\(1.\) Let \(A\) and \(B\) be symmetric matrices of size \(p\) and let \(B\) be positive definite. \(λ\) is said to be an (generalized) eigenvalue of \(A\) with respect to \(B\) if there exists a vector \(x ∈ R^p\) such that \(Ax = λBx\). We will denote the ordered eigenvalues of \(A\) with respect to \(B\) as \(λ_1 ≥ λ_2 ≥ ··· ≥ λ_p\) with corresponding eigenvectors \(e_1, e_2, · · · , e_p\).

\((a)\) Show that if \(λ\) is a eigenvalue of \(A\) with respect to \(B\) then \(λ\) is also an eigenvalue of \((1)\) \(B^{−1}A\), \((2)\) \(AB^{−1}\) and \((3) B^{−1/2}AB^{−1/2}\).

\((1)\)

\[\begin{equation} \begin{split} Ax &= \lambda Bx \\ B^{-1} Ax &= \lambda B^{-1}Bx \\ B^{-1} Ax &= \lambda x \end{split} \end{equation}\]

\((2)\) We have shown \(B^{-1} Ax = \lambda x\). Use this result, we can have:

\[\begin{equation} \begin{split} AB^{-1}Ax &= \lambda xA \\ AB^{-1} y &= \lambda y \space \space \space \space \text{where $y=Ax$} \\ \end{split} \end{equation}\]

\((3)\) We know \(Ax = \lambda Bx\) and \(B\) is positive definite. So

\[\begin{equation} \begin{split} B^{-\frac{1}{2}} Ax &= \lambda B^{-\frac{1}{2}} B^{\frac{1}{2}} B^{\frac{1}{2}} x \\ B^{-\frac{1}{2}} Ax &= \lambda B^{-\frac{1}{2}} x \\ B^{-\frac{1}{2}} AB^{-\frac{1}{2}} y &= \lambda y \space \space \space \space \text{where $y=B^{\frac{1}{2}}x$} \end{split} \end{equation}\]

\((b)\) Show that

\[\max_{x\ne 0} \frac{x^\prime Ax}{x^\prime Bx}=\lambda_1\]

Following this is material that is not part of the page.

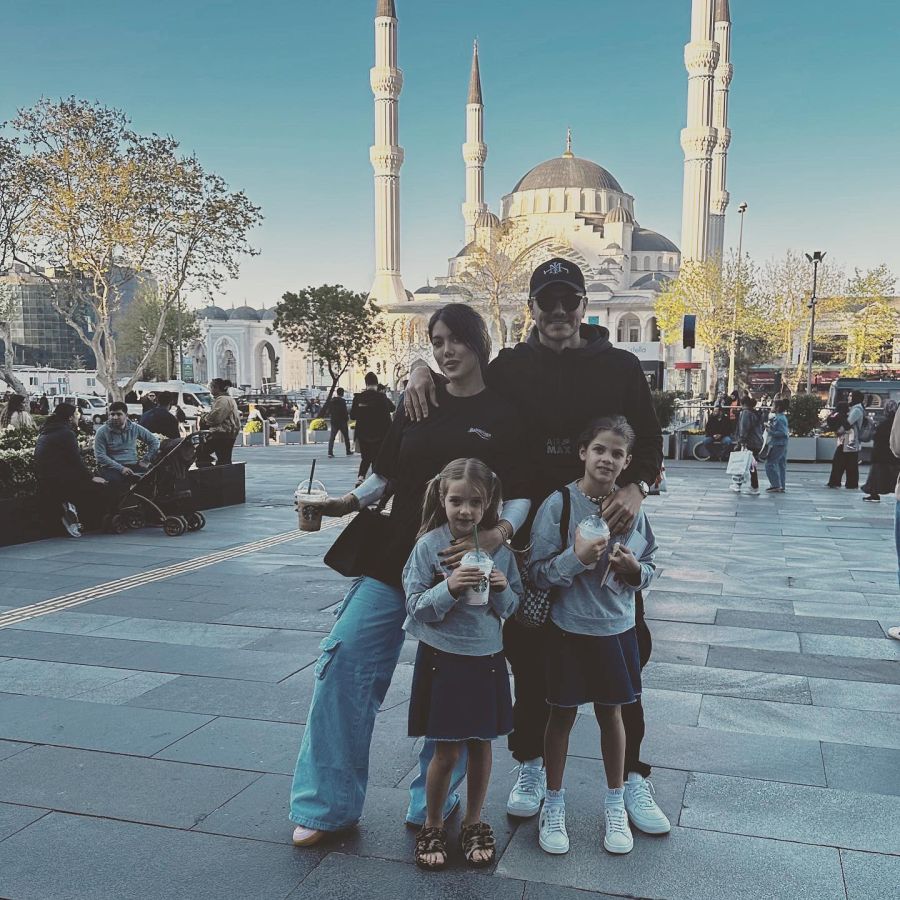 Wanda Nara compartió una tierna postal junto a Mauro Icardi y sus hijas durante su estadía en Turquía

and that this maximum is attained at \(x = B^{−1/2}e_1\).

\[\begin{equation} \begin{split} Ax &= \lambda x \space \space \implies x = \lambda A^{-1}x \space \space \implies \frac{1}{\lambda} x = A^{-1}x \\ Ax &= \lambda Bx \space \space \implies x = \lambda A^{-1}Bx \space \space \implies \frac{1}{\lambda} x = A^{-1}Bx \\ &\implies \text{$\frac{1}{\lambda}$ is eigenvalue of $A^{-1}B$} \\ &\implies \text{$\frac{1}{\lambda}$ is eigenvalue of $B$ with respect to $A$} \\ \max_{x \ne 0} \frac{x^\prime A x}{x^\prime B x} &= \max_{x \ne 0} \frac{x^\prime A x}{x^\prime B^{^1/_2}x B^{^1/2}} \\ &= \max_{x \ne 0} \frac{x^\prime B^{^1/2} B^{^-1/_2} A B^{-^1/_2} B^{^1/_2} x}{x^\prime B^{^1/_2} B^{^1/_2} x} \hspace{1cm} \space \text{where $y=B^{^1/_2}x$} \\ &= \max_{y \ne 0} \frac{y^\prime B^{^-1/_2} A B^{-^1/_2} y}{y^\prime y} \\ &= \max_{y \ne 0} \frac{y^\prime \Lambda y}{y^\prime y} \hspace{1cm} \text{From $1a(3)$} \\ &= \frac{\sum^p_{i=1} \lambda_i y_i^2}{\sum^p_{i=1} y^2_i} \le \lambda_1\frac{\sum^p_{i=1} y_i^2}{\sum^p_{i=1} y^2_i}=\lambda_1 \end{split} \end{equation}\]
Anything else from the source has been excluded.